[Stored records]

┏━━

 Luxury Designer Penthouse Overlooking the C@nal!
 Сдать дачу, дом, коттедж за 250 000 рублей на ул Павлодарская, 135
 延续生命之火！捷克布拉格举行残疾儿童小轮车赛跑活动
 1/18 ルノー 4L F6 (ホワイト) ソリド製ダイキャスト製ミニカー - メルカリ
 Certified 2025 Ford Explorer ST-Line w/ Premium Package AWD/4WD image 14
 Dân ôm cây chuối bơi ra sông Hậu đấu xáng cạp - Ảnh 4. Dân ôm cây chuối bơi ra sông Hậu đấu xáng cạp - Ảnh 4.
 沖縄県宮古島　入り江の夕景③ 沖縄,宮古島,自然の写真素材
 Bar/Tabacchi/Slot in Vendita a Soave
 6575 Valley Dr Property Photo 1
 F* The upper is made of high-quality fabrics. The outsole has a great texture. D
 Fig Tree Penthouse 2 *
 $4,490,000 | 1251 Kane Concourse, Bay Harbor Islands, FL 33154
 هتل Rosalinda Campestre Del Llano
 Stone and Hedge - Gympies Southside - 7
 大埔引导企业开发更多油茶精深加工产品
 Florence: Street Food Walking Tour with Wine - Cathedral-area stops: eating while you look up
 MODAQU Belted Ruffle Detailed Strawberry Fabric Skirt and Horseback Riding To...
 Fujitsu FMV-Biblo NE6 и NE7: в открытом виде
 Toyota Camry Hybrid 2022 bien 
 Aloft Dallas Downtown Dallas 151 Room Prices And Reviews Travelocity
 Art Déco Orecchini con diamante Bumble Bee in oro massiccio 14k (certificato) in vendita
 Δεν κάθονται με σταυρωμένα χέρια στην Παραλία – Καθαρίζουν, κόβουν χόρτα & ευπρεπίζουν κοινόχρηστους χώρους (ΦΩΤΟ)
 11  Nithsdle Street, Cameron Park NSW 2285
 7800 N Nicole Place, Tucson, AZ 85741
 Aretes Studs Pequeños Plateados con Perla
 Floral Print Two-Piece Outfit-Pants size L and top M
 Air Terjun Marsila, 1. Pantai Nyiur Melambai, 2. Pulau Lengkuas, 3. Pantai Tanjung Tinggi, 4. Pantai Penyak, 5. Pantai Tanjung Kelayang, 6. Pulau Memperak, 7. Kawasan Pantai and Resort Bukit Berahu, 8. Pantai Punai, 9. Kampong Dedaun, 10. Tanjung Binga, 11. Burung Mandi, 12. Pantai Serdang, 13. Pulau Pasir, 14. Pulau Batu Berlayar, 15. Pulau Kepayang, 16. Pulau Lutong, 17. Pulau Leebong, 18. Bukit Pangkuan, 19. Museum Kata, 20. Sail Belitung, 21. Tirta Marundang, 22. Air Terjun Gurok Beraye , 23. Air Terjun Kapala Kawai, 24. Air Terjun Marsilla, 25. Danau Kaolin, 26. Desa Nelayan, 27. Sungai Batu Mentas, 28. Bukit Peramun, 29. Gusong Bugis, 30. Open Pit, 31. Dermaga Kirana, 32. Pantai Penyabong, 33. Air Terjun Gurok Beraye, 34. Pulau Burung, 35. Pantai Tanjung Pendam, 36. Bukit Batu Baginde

┗━━

## Task statement
From the entries above, extract only the lines running from the one containing "沖縄県宮古島　入り江の夕景③ 沖縄,宮古島,自然の写真素材" through the one containing "大埔引导企业开发更多油茶精深加工产品", inclusive.

## Result of the exercise
 沖縄県宮古島　入り江の夕景③ 沖縄,宮古島,自然の写真素材
 Bar/Tabacchi/Slot in Vendita a Soave
 6575 Valley Dr Property Photo 1
 F* The upper is made of high-quality fabrics. The outsole has a great texture. D
 Fig Tree Penthouse 2 *
 $4,490,000 | 1251 Kane Concourse, Bay Harbor Islands, FL 33154
 هتل Rosalinda Campestre Del Llano
 Stone and Hedge - Gympies Southside - 7
 大埔引导企业开发更多油茶精深加工产品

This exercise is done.